■ AIM OF THE EXERCISE ■
Copy each line of the data below with the word "White".

Records from a collection:
+++
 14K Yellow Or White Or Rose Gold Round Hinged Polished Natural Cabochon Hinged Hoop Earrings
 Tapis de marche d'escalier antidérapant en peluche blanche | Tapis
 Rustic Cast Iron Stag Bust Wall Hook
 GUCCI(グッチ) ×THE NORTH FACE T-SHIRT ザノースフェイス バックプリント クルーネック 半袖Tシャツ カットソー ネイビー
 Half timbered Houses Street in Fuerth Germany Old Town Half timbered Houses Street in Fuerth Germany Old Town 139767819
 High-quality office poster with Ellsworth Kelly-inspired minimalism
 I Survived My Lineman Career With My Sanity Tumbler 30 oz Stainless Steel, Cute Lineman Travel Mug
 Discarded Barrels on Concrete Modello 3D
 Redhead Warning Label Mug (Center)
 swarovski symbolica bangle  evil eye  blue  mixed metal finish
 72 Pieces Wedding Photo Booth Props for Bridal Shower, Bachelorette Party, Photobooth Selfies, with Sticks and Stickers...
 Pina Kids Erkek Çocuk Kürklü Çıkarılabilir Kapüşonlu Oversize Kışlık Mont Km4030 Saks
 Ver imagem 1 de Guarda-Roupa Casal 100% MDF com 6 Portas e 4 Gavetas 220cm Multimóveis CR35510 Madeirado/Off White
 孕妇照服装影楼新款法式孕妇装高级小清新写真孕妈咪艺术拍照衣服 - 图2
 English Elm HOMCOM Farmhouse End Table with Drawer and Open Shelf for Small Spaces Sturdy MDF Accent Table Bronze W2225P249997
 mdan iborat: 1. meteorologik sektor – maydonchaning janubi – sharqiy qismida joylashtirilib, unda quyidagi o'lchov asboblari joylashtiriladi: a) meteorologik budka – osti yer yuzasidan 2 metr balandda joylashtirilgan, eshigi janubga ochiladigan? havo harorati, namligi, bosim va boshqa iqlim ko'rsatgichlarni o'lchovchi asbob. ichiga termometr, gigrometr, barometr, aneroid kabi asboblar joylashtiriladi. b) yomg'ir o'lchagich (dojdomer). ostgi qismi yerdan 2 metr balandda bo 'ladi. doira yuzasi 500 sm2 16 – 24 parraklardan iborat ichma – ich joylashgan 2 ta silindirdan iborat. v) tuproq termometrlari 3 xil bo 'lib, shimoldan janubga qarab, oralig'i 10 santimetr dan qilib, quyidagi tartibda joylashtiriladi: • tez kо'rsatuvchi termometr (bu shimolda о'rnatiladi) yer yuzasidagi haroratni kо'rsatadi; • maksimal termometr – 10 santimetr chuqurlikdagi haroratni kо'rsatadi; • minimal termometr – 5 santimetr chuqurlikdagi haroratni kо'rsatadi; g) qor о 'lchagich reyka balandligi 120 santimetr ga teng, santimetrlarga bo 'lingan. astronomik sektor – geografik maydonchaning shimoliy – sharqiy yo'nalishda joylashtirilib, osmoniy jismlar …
+++
■ WRITTEN ANSWER ■
 14K Yellow Or White Or Rose Gold Round Hinged Polished Natural Cabochon Hinged Hoop Earrings
 Ver imagem 1 de Guarda-Roupa Casal 100% MDF com 6 Portas e 4 Gavetas 220cm Multimóveis CR35510 Madeirado/Off White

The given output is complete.